Secondo l’accusa il gruppo, formato da pachistani da tempo residenti nel centro della città , "agendo con metodo paramafioso, ha assoggettato la comunità di appartenenza sottoponendola ad un regime di vessazione e terrore e sfruttandola professionalmente al fine di assicurare all’associazione continuità nel tempo". Durante le perquisizioni eseguite la notte scorsa nell’ambito del blitz denominato sono stati trovati in casa di uno degli arrestati due libri mastri, tuttora al vaglio della Procura, nei quali erano descritti i nomi dei lavoratori sfruttati e il compenso.

Leader indiscusso del gruppo era Mahammad Shoaib già arrestato con altri cinque complici per l'omicidio di Adnan Siddique.

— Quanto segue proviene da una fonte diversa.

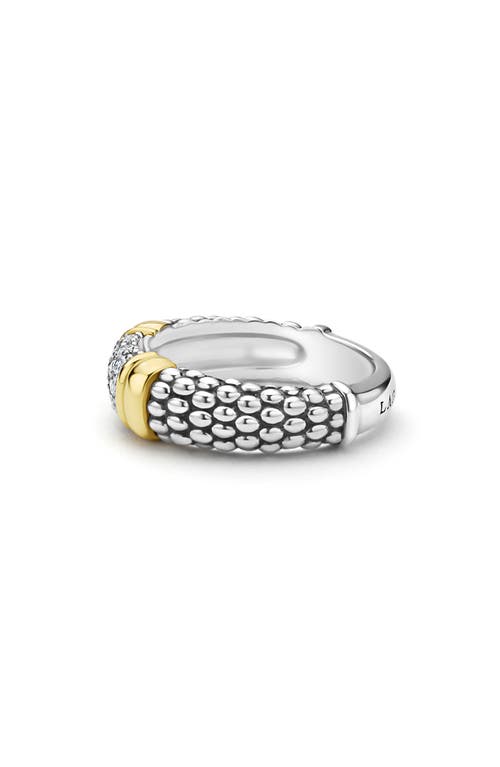 Lagos Signature Caviar Pavé Diamond Ring, 9mm In Two-tone
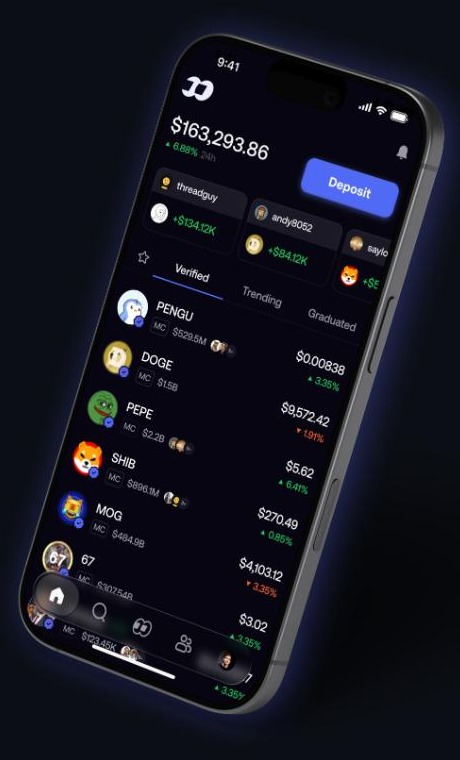 Fomo mobile app showing portfolio balance, Deposit button and the Verified token list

Ora la retata che conferma le sue denunce. I braccianti venivano "offerti" ai titolari di aziende agricole "in condizioni di sfruttamento, approfittando dello stato di bisogno dei lavoratori, accordandosi sull’entità del compenso, che si aggirava sui 25-30 euro al giorno, e trattenendo per sè una parte o persino la totalità del corrispettivo". Chi si lamentava era vittima di durissime spedizioni punitive, come un nigeriano colpito con bastoni e spranghe per avere chiesto la sua paga. Coinvolti nell’indagine anche i titolari delle imprese agricole dove i pakistani venivano condotti a lavorare perchè, accusano carabinieri e polizia, "trovavano conveniente rivolgersi ai caporali loro connazionali perchè ben consapevoli che nessuna denuncia sarebbe mai potuta intervenire a danneggiarli, proprio per le condizioni di sfruttamento dei lavoratori".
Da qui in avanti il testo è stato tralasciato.